8. Jack Glass by Adam Roberts
Three locked door murder mysteries, and in each case Jack Glass is the killer. So whodunnit? (Hint: it was Jack Glass).
This book was definitely too clever for its own good, and Roberts can't quite deliver on the promise on a couple of the mysteries. Still a great book, fueled by ideas, in turn funny and dark. Genuinely sad that it's unlikely we'll not get another book with the characters and world again.
7. Babylon by Victor Pevelin
Ridiculously quotable, funny and absurd; Babylon (or Homo Zapiens or Generation P) is a hell of a strange trip. Filled with drugs and the guiding voice of Che Guevara, it has a very strong post-soviet union feel to it.
6. The Short and Wonderous Life of Oscar Wao by Junot Diaz
Following the titular Wao and in his family, Diaz weaves an absurd and bittersweet tale. It's filled with asides about Puerto Rican society and recent history, all the whilst demonstrating how Wao's geeky proclivities help shape his views of the world. There's just a dash of the fantastical sprinkled on top too.
5. The Race by Nina Allan
I'm actually shocked this is this far down the list to be honest - The Race is a story soaked in ambiguity and an underlying sense of menace.

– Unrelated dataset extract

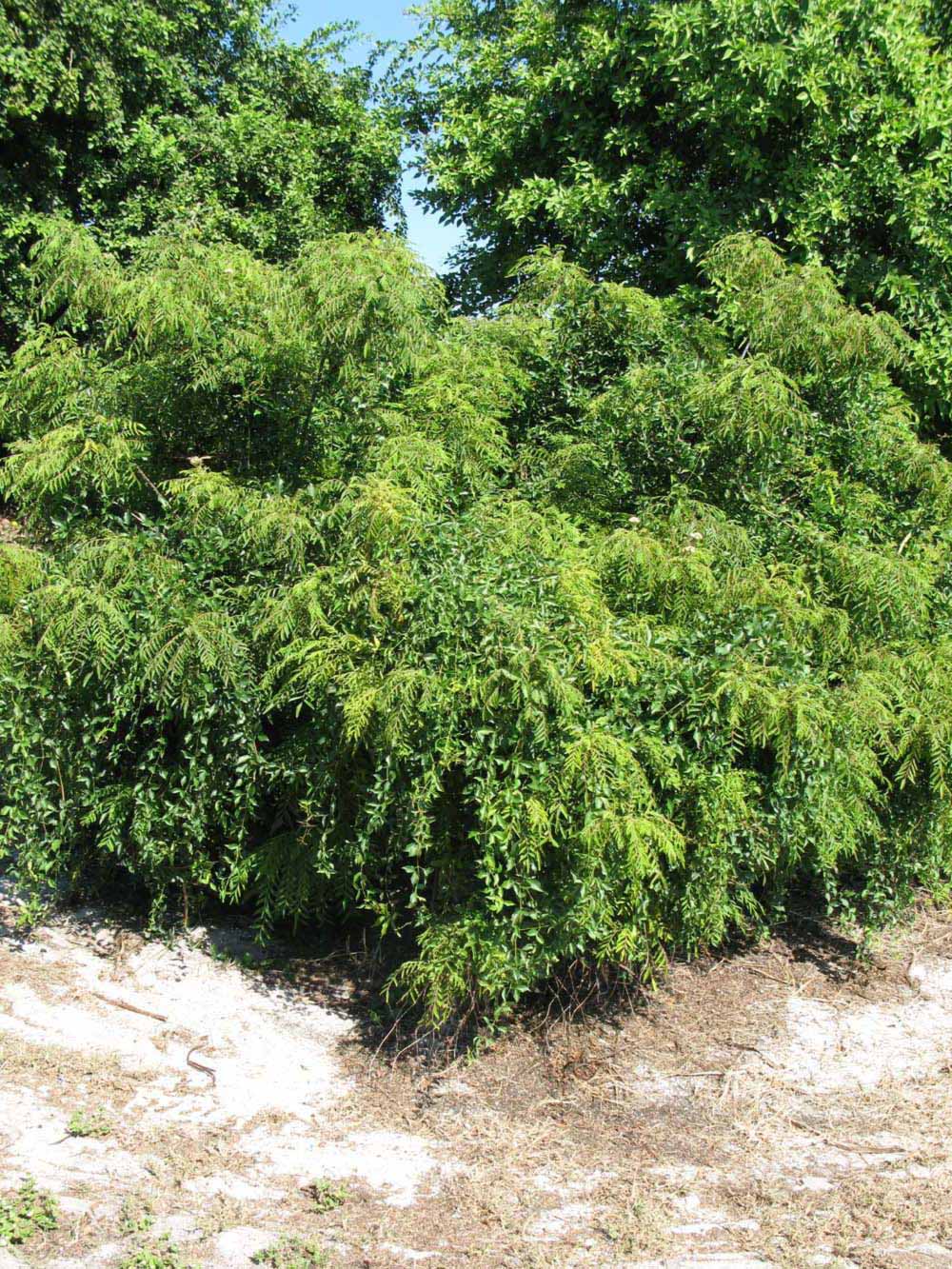            Habit (Winter Haven, FL)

Christopher Priest style narrative trickery turns a novel about a woman's relationship with her brother into a story that unsettles just as much as it pleases.
4. Wylding Hall
Wylding Hall is bright, airy and very pretty. It's tragic and poignant. It's also a haunted house story. I mentioned in an earlier list that Hand accomplishes an incredible tightrope walk in this story, and I'm not sure that I need to say anything else.
3. God Bless You, Mr Rosewater
Like many of the best satires, Vonnegut's God Bless You, Mr Rosewater is probably more relevant today than it's ever been. Terrifically funny, dripping with cynicism and genuinely moving in parts, this novel has a strange resonance with Catch-22. Possibly my favourite Vonnegut.
A little slice of Americano, helmed by the great beast from ancient Crete. The attention to detail that makes the situation way more believable than it should do and the vulnerability of the narrative voice both cause the book to come to life.
1. The Iron Dragon's Daughter by Michael Swanwick
To say that there's nothing I've ever read that is quite like The Iron Dragon's Daughter may sound trite, but it's also entirely accurate. The novel is strange and unexpected and totally beguiling, not to mention brilliant.